That’s the worst thing about teaching, that our actions either have no force at all or have force beyond all intention, and not only our actions but our failures to act, gestures and words held back or unspoken, all we might have done and failed to do; and, more than this, that the consequences echo across years and silence, we can never really know what we’ve done.
--Garth Greenwell, “Mentor”
Welcome, creatures! It has been a while because I suck, but here we are once more, gathered around our festive capering Dragon.
First, I am reading two fantastic books. One is Amy Richlin’s Slave Theater in the Roman Republic: Plautus and Popular Comedy.
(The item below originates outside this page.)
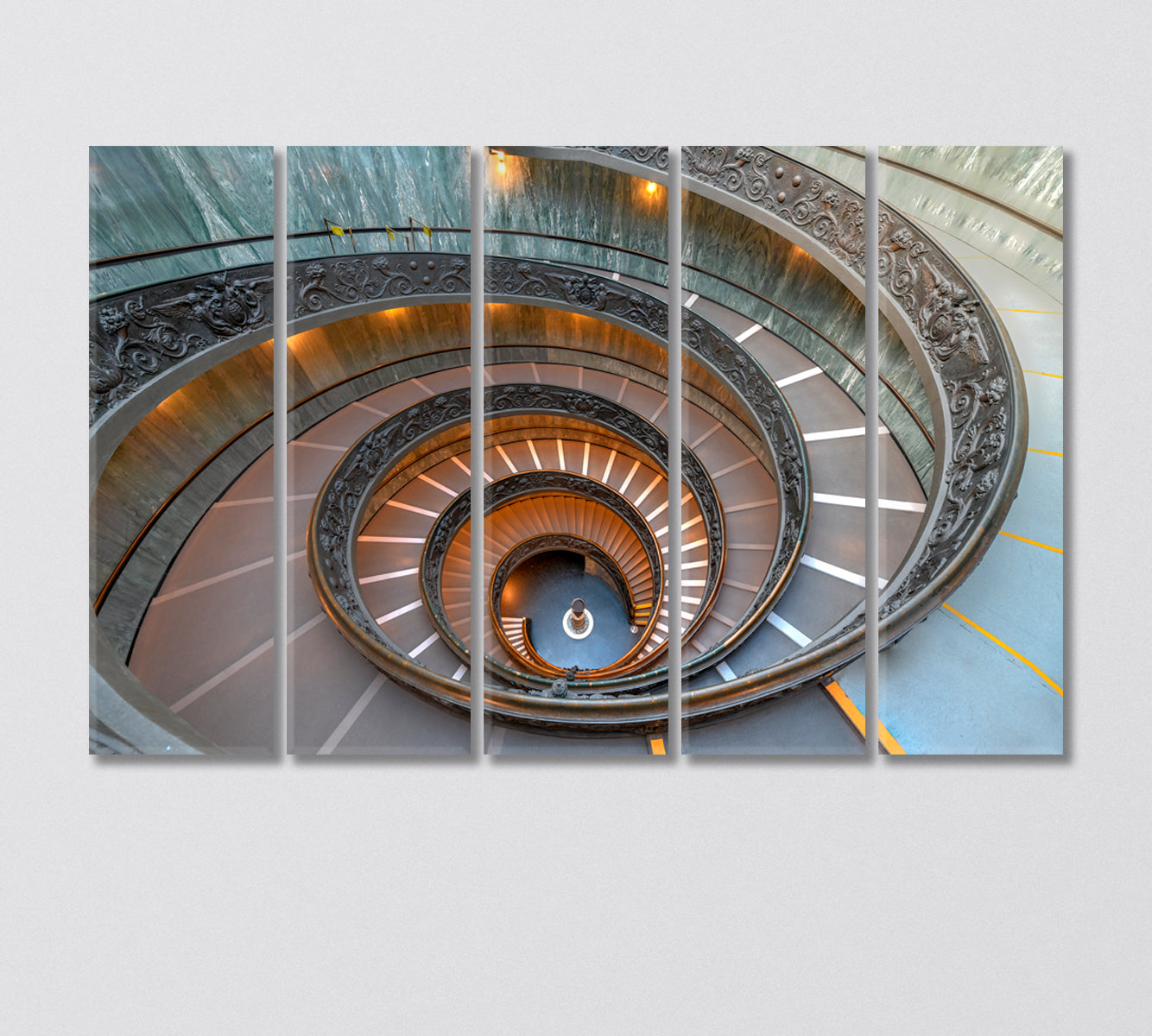 Spiral Staircase Bramante in Vatican Canvas Print-Canvas Print-CetArt-5 Panels-36x24 inches-CetArt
Richlin is cultured, witty, fun, and kind of camp, as well as deeply committed to uncovering the places where oppressed people spoke in the ancient world. I love this book. The other is Garth Greenwell’s fiction collection Cleanness. I’ve read three of the stories so far, including a re-read of “Gospodar,” the story I talked about here; it’s still absolutely searing. I wish I had written it. There’s something in it that cuts to the heart in the way that David Carr’s addiction memoir did for me, where even though the specifics of our experiences are very different, there’s an emotional core where the narrator says things I also have felt, with just enough distance from me that I can see them more clearly than I can when they’re my own.
Fortunately My Camel Is Only 98th Percentile in Mass
I also finished Peter Brown’s Through the Eye of a Needle: Wealth, the Fall of Rome, and the Making of Christianity in the West, 350-550 AD. I read this in the hopes that it would give me some guidance, as basically a wealthy layabout. And it did give me some things to think about w/r/t my own overpossessions, though no clear guidance. A large part of the book is dedicated to stripping the glamour from the great renunciations of, say, Melania the Younger and her husband. Brown shows greater sympathy for the model Augustine proposed to his people, in which you’re supposed to give slowly but steadily, with daily alms making amends for daily sin.
Historians often imply that this sort of thing is accommodationist or compromising, and in one sense it just obviously is—Brown sometimes seems to lose track of the fact that Jesus did actually say the words that inspired Melania, Paulinus of Nola and other bazillionaires to strip themselves. It is easy to see the slow-and-steady approach as, in James Agee’s words, “writing a few hundred pages housebreaking ten lionlike words from the New Testament.”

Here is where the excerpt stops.